In the second-half of 2022, the property market in Dubai is still moving along as briskly as it has been since late 2020, with no sign of slowing down. If anything, the city’s real estate sector is making a bigger splash than before as super-prime properties in the Dh300 million range could become the norm for the higher end of the market.
Is this level of growth sustainable? That is the somewhat prickly question that every real estate professional has to answer now. There could be another bubble on the horizon – though to be fair, the doomsayers bring out a new bubble every year that is just poised to burst.
In my view, property prices are not going to fall any time soon, and the reason is simple – demand is vastly outpacing supply and will continue to do so for the remainder of the year. That might at first seem counterintuitive; after all, if one can sell and achieve the asking price (or even higher, as in some cases), then more sellers should be coming into the market with the aim of making a profit.
That certainly is true to an extent, but we need to examine actual market trends to get as better sense of what’s happening. The Shoreline Apartments on Palm Jumeirah, which tend to be hugely popular amongst investors on the Palm, serve as a good case study for the apartment market on the whole. The realization period for an apartment in Shoreline is on average 7-8 years, which is roughly in line with how long a typical expat spends in Dubai.
A 9-year rerun
From a real estate perspective, this means we can expect to see that a period of high activity in a specific community will be repeated roughly 8 years later. For Shoreline specifically, that period of high activity was seen between 2011-13, with 739 transactions. From 2014-16, the number of transactions dropped to 411 – a nearly 80 per cent decrease.

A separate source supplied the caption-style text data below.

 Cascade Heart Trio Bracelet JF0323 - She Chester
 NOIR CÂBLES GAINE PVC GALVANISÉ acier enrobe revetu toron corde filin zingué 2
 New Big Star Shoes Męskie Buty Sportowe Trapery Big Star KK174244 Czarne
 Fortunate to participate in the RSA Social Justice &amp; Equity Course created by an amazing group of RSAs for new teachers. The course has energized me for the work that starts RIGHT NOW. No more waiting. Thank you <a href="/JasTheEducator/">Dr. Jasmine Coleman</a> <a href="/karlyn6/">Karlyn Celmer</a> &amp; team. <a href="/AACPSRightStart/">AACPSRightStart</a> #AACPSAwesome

After that, the market cooled off, taking a noticeable dip in mid-2020 before picking back up again. We have once again seen a flurry of activity throughout 2021 and the first-half of 2022, which is about 9 years after the previous spike. In essence, those who bought Shoreline apartments in 2013 were putting them back on the market in 2021, as one would expect. The graph would perhaps have skewed even higher if not for the temporary slowdown caused by Covid.

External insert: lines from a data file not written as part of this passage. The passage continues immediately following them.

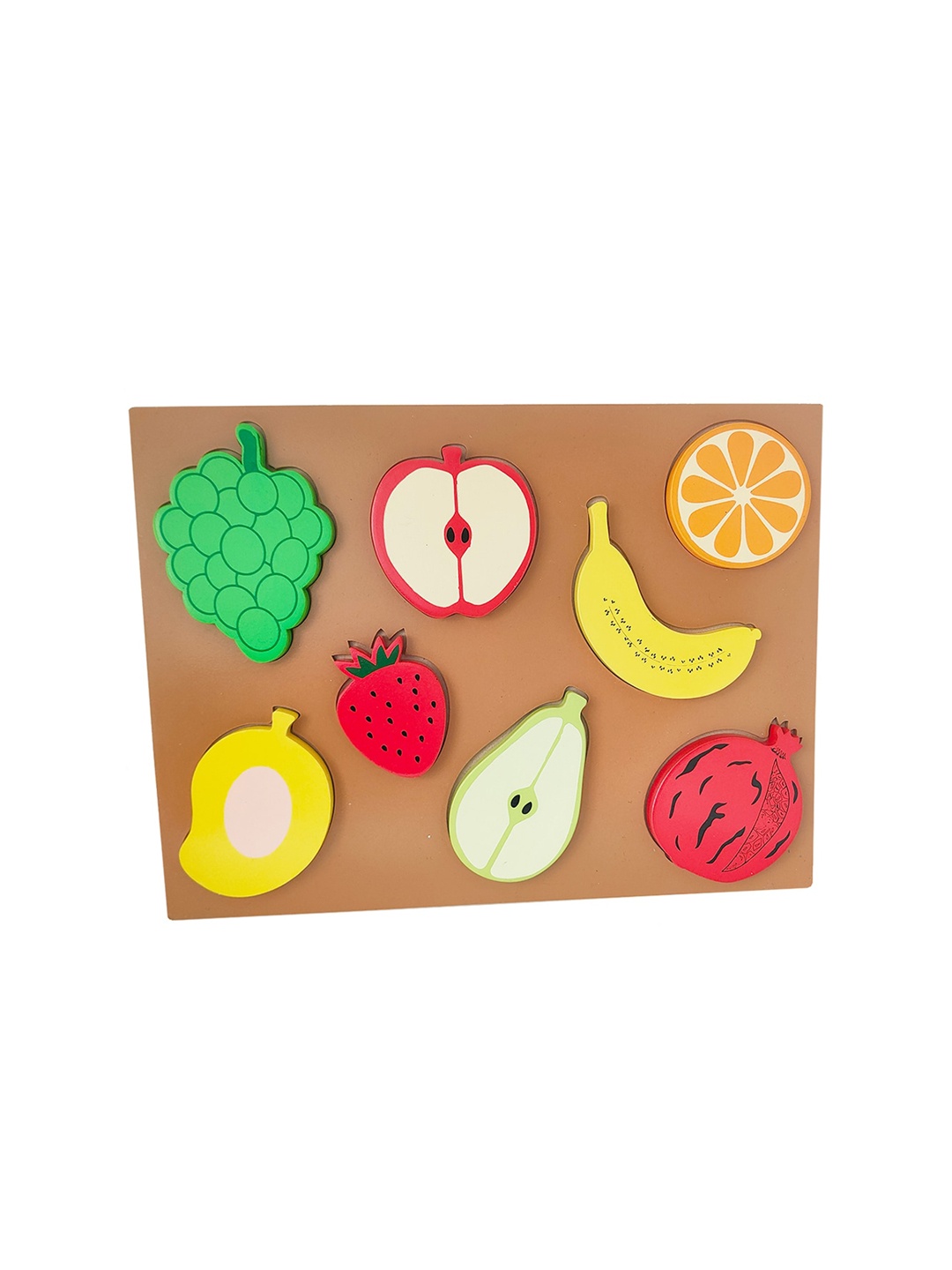

Wembley Toys Kids Multicoloured Wooden Puzzle Tray Board, Multi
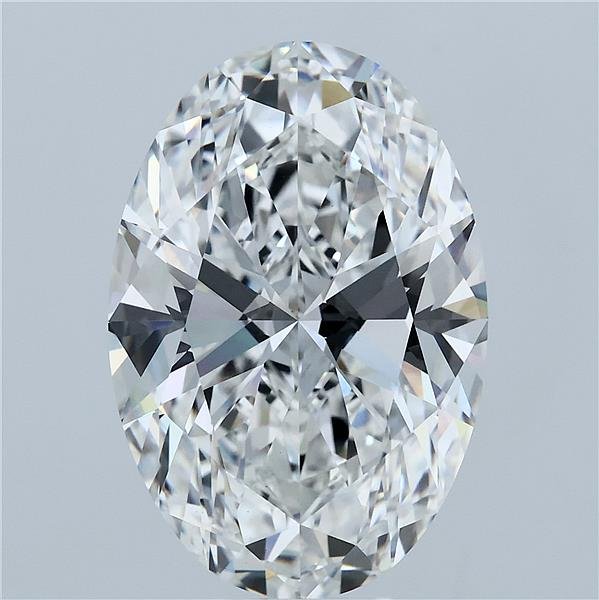 8.27 Carat Oval Lab Diamond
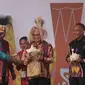 Pj. Gubernur Papua Barat Daya Dr. Muhammad Musa’ad bersama Mendagri Muhammad Tito Karnavian menghadiri puncak perayaan HUT ke-22 Otsus. (Foto: Istimewa)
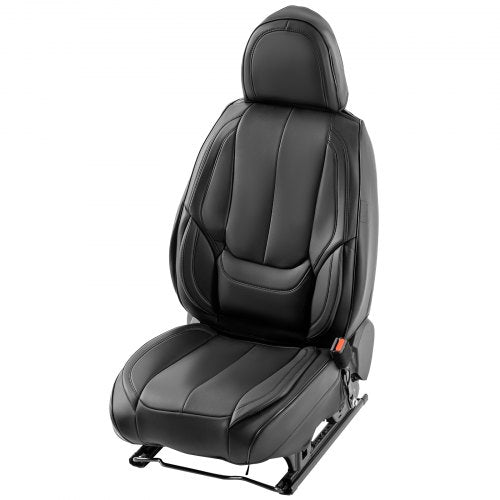 VEVOR Sitzbezüge, Universal-Autositzbezüge für Vordersitze, 6-teiliger Kunstleder-Sitzbezug, vollständig geschlossenes Design, abnehmbare Kopfstütze und Airbag-kompatibel, Autos, SUVs und Lkws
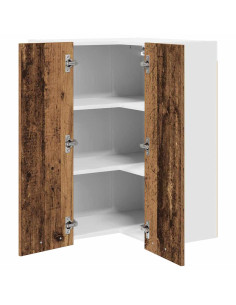 Armadio pensile Riga Rovere Affumicato e Bianco 57 x 57 x 80 cm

So where does that leave us now? We are now 9 years after the drop-off phase, when there were fewer transactions occurring in Shoreline. Consequently, we can expect fewer apartments to be on the market at this time.
There will, of course, be outliers – homeowners who have to move out due to exceptional circumstances, the ones who might want to upgrade (or even downgrade) their living situation, and investors who will see the value in selling their property at this time and turning a profit. But that won’t be enough to satiate the phenomenal levels of demand we are witnessing.
In short supply
That same idea can be extrapolated across pretty much every prime sector of the market, whether it’s Downtown or the Marina. In newer communities such as Dubai Hills Estate and the apartment projects in Al Barari, the chances of anything coming to market are practically zero as they still have a long way to go before the expected selloff period.

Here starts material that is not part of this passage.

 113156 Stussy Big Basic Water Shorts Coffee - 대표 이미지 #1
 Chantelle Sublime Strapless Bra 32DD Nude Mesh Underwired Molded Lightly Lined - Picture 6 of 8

For the villa market, the realization period tends to be a bit longer. This is a segment of the market primarily made up of owner-occupiers, especially at the top end. A villa purchase in Dubai is largely for the purpose of a primary residence or a vacation home that can be used at various times throughout the year. It’s an asset that most would not part with easily, and there is rarely if ever a high level of supply for prime properties.
There was a brief spike in transactions at the height of Covid when homeowners in prime communities hoped to stay ahead of uncertainty in the market and cut their losses. As buyer confidence returned gradually, it had the ironic side effect of causing sellers to pull back – now that prices are on the rise again, it makes more sense to hold on to one’s property and let it build value over time.
More of the same growth
There has been a growing supply of villas within communities like Dubai Hills Estate, Arabian Ranches 2 and Jumeirah Golf Estates. That supply has dwindled as villas were bought up by new homeowners and by investors putting them up for rent – there is a huge influx of tenants moving into villa communities, particularly in the wake of the pandemic.
Overall, the general market – below Dh10 million – might see a slowdown in growth due to upcoming supply from new projects that are coming close to handover. But prices will continue to creep upwards.
As far as the luxury market goes, new supply mainly consists of one-of-a-kind custom-built homes operating in their own unique price bracket. There isn’t a high enough volume to meet the demand for luxury homes and due to the individual nature of these properties, I can confidently say that the outlook remains bright.